All creditors will receive the same proportion of the amount you owe. For example, if you propose to repay 90% of all your outstanding debts over a 5-year period, then all creditors will get 90% of what you owe them.

Important

Proposing a debt agreement is a serious step. It is an act of bankruptcy and if the debt agreement is not accepted by your creditors they can use the proposal to apply to the court to make you bankrupt.

What to look out for

Smart tip

Be wary of companies promoting debt agreements who don't carefully assess your individual circumstances.

Check the administrator is registered

Before you sign a debt agreement it is important that you check that the person you're dealing with is on Australian Financial Security Authority's list of Registered debt agreement administrators

Check the fees

Administrators usually charge fees for their services. The fees can consist of upfront fees and ongoing fees and these can add to your total debts. Find out more on choosing a debt agreement administrator on the ASFA website.

Debts not covered

There are some debts that can't be covered by a Part IX debt agreement or have special conditions.

Secured debts

A secured debt is a debt that is tied to an asset. For example, a home loan is usually secured by a property. If you are unable to repay a secured debt the lender may take the asset and sell it to recover the money you owe them.

If the asset is sold and the money is not enough to cover the debt, the money still owing could be part of a debt agreement.

Joint debts

If you have a debt in joint names and your partner is unable to repay their share of the debt, the creditor can ask you to repay the outstanding amount.

In this situation the creditor can receive money as part of the debt agreement but still has the right to recover the balance of the debt from any other borrowers.

Debts that continue after a debt agreement has finished

Some debts cannot be paid out by a debt agreement.

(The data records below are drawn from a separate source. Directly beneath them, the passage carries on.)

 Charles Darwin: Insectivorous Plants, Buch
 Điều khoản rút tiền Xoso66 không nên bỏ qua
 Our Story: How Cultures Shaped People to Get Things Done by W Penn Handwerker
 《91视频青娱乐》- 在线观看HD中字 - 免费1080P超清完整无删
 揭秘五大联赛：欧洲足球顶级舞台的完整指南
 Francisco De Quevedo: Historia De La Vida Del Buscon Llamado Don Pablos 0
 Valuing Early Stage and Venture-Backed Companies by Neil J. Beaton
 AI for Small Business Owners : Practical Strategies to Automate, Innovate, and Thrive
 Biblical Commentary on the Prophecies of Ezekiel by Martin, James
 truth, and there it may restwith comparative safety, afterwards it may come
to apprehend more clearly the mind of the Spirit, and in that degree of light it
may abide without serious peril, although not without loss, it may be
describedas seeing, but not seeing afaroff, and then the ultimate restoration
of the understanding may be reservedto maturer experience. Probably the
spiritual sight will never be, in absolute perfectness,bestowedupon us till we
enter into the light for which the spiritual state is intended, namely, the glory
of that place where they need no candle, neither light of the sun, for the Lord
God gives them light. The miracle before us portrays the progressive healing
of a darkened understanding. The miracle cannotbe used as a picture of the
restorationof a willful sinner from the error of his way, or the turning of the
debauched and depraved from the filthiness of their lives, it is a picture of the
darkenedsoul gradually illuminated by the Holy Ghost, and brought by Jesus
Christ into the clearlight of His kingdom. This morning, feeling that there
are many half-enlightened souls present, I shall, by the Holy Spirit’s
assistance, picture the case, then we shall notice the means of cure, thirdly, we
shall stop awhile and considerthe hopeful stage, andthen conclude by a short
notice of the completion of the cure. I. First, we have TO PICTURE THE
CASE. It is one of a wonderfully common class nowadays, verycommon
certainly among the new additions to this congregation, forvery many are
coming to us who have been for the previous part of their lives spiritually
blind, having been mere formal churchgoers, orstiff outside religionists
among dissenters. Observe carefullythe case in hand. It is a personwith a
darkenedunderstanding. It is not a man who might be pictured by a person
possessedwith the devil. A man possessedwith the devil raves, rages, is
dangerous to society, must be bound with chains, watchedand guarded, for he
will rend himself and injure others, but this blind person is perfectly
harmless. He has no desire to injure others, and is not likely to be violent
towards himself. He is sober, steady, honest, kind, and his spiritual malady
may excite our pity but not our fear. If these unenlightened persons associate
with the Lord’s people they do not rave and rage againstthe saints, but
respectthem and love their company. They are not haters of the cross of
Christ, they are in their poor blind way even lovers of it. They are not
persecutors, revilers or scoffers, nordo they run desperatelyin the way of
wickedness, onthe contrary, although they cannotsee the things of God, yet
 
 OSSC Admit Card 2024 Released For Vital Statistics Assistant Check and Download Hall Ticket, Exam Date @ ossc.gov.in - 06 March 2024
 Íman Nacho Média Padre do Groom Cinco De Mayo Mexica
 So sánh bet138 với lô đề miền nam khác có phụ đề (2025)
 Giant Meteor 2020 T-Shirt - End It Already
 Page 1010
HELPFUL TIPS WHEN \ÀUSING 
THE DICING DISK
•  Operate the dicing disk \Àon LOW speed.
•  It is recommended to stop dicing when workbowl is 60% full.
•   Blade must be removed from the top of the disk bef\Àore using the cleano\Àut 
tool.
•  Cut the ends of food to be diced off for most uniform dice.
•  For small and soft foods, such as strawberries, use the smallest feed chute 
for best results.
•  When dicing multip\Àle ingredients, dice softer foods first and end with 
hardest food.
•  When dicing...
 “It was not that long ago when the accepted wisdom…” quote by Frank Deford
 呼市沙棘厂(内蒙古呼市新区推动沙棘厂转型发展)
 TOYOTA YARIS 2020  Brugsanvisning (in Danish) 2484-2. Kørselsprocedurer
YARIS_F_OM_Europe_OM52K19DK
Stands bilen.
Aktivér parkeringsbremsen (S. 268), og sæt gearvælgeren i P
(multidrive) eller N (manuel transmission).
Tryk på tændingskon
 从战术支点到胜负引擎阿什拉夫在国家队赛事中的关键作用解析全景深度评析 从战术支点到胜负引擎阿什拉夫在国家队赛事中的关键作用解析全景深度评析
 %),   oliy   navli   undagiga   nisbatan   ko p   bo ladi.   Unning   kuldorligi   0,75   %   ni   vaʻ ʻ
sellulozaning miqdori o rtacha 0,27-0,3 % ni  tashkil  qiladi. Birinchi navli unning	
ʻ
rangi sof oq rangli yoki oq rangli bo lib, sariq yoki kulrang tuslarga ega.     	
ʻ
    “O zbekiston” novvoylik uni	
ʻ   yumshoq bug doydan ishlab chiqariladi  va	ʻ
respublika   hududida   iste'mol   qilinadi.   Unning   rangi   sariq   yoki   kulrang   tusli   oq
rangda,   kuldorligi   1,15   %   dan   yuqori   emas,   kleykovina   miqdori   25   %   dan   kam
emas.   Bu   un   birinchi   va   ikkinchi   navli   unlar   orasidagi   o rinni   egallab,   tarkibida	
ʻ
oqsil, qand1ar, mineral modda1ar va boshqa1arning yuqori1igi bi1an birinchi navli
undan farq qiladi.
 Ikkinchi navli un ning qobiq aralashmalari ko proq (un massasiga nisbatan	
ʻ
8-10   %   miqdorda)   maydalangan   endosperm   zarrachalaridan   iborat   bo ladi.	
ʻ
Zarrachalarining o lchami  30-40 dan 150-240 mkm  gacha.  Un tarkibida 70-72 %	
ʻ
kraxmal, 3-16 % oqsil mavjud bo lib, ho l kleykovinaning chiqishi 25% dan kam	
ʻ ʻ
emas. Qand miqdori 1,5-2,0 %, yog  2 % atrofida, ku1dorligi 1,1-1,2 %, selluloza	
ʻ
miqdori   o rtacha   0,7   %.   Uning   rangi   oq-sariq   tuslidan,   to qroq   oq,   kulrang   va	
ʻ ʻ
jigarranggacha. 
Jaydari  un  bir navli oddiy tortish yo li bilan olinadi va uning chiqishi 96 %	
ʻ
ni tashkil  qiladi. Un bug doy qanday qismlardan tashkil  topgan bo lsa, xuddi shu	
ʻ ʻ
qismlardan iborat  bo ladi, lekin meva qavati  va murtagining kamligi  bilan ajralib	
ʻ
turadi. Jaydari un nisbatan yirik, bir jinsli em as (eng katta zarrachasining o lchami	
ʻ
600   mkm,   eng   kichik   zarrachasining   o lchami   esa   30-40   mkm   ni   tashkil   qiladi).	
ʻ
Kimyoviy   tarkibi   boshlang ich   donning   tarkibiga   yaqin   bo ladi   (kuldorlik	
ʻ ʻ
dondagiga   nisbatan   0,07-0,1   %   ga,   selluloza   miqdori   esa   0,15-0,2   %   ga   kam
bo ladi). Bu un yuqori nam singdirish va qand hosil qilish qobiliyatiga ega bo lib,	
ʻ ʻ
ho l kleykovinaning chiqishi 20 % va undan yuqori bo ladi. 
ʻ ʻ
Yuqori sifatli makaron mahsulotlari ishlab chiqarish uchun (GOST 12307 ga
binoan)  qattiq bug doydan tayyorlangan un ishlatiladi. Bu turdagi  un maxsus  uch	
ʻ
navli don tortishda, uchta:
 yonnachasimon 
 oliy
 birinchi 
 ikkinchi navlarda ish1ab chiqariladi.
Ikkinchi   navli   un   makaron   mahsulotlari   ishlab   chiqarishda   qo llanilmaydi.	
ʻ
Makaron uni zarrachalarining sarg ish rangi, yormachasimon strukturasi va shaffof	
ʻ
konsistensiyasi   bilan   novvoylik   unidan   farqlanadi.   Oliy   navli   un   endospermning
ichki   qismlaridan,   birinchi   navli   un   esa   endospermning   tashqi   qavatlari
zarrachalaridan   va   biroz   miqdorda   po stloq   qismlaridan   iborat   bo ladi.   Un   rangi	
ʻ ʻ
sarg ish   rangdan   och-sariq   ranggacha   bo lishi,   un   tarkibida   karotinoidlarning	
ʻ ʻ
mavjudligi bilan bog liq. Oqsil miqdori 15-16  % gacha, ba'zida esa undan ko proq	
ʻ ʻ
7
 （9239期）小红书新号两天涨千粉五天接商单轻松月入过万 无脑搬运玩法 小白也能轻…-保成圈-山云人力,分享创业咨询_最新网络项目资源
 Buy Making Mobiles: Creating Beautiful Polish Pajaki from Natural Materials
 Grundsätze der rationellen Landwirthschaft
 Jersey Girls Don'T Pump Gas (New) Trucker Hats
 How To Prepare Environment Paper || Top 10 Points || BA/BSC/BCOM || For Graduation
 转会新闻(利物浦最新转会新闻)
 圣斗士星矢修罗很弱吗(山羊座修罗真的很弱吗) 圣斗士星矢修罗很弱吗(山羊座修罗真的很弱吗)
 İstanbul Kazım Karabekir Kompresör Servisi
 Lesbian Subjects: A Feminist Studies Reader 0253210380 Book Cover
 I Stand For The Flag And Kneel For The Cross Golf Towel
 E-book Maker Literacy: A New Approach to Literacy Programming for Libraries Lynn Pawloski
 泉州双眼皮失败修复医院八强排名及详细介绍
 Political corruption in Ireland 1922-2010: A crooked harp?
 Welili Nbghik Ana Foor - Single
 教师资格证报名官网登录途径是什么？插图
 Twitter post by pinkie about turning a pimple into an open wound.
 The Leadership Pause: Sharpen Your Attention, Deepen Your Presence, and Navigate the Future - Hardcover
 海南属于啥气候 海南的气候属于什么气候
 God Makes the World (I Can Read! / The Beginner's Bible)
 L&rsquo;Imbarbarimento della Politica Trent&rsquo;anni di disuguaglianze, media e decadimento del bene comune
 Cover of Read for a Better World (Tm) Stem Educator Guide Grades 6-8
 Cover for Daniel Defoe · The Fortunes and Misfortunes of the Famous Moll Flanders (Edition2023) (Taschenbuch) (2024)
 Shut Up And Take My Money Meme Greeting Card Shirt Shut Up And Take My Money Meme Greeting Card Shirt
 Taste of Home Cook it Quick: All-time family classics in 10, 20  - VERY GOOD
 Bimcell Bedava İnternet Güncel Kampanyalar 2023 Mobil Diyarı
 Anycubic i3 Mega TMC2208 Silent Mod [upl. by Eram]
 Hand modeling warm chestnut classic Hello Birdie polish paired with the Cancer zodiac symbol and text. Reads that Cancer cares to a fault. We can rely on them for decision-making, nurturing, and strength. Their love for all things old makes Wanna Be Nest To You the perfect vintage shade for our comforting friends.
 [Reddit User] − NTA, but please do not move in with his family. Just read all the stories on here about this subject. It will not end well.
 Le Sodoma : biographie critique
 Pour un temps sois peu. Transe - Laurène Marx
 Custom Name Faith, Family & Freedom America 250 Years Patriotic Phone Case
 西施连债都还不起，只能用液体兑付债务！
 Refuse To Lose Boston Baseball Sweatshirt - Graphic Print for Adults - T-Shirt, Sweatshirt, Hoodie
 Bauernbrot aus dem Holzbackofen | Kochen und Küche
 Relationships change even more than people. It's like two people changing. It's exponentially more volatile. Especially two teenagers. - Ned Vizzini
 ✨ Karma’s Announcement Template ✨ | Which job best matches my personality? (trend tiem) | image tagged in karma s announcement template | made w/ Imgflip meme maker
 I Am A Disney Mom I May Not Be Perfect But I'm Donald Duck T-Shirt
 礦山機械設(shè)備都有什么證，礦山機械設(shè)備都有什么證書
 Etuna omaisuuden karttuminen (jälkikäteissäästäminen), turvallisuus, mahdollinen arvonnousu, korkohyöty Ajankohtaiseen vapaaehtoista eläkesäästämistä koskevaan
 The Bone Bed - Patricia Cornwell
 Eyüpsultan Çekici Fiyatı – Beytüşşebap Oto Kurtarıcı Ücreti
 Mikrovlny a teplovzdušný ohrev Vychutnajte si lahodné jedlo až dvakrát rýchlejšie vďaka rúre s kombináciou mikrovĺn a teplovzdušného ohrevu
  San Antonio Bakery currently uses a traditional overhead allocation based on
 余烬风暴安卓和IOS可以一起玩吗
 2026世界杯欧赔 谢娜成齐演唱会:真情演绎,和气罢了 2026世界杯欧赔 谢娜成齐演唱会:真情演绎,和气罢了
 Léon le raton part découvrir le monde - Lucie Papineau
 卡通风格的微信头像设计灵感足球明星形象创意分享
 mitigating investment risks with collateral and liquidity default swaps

You will still be liable for these debts after a debt agreement has finished:

  • Debts incurred by fraud
  • Child support
  • Fines, penalties or other court-ordered payments
  • Student HECS, HELP, Student Financial Supplement Scheme debts 

Overseas debts

If you have an overseas debt, the overseas creditor is allowed to be part of the debt agreement process. Whether you will be liable for any outstanding balance when the debt agreement has finished will depend on the laws in the country where you signed the contract.

Disadvantages of a debt agreement

Here are some of the disadvantages you should be aware of before you enter a debt agreement:

  • Your public record - Your name and other details will be listed on the National Personal Insolvency Index (NPII) for 5 years from the date of the agreement or 2 years after the end date, whichever is later. Where your proposal is withdrawn, not accepted or lapses, the information will only appear for a year. The NPII is a public record managed by the Australian Financial Security Authority (AFSA).
  • Your future credit - Your debt agreement will be listed on your credit report for up to 5 years or longer in some circumstances.
  • Telling new creditors - You must tell a new creditor about the debt agreement when you take on new debt or obtain goods and services over a certain amount. You can find out the amounts on the AFSA website.
  • Your business - If you have a business and are trading under another name, your debt agreement must be disclosed to anyone who deals with your business.
  • Your career - It may prevent you from practising certain professions or being employed in certain positions of trust. If you belong to a regulated profession you should check the impact of your insolvency with the relevant professional body.
  • Possible bankruptcy - Proposing a debt agreement, whether it is accepted or rejected by your creditors, is an act of bankruptcy. If you propose a debt agreement that is not accepted by your creditors, they can use the act of bankruptcy to apply to the court to make you bankrupt.

Part IX debt agreements are formal agreements under the Bankruptcy Act and are listed on the public record for a number of years. A debt agreement should only be considered after you have got independent advice to make sure it is the right option for you.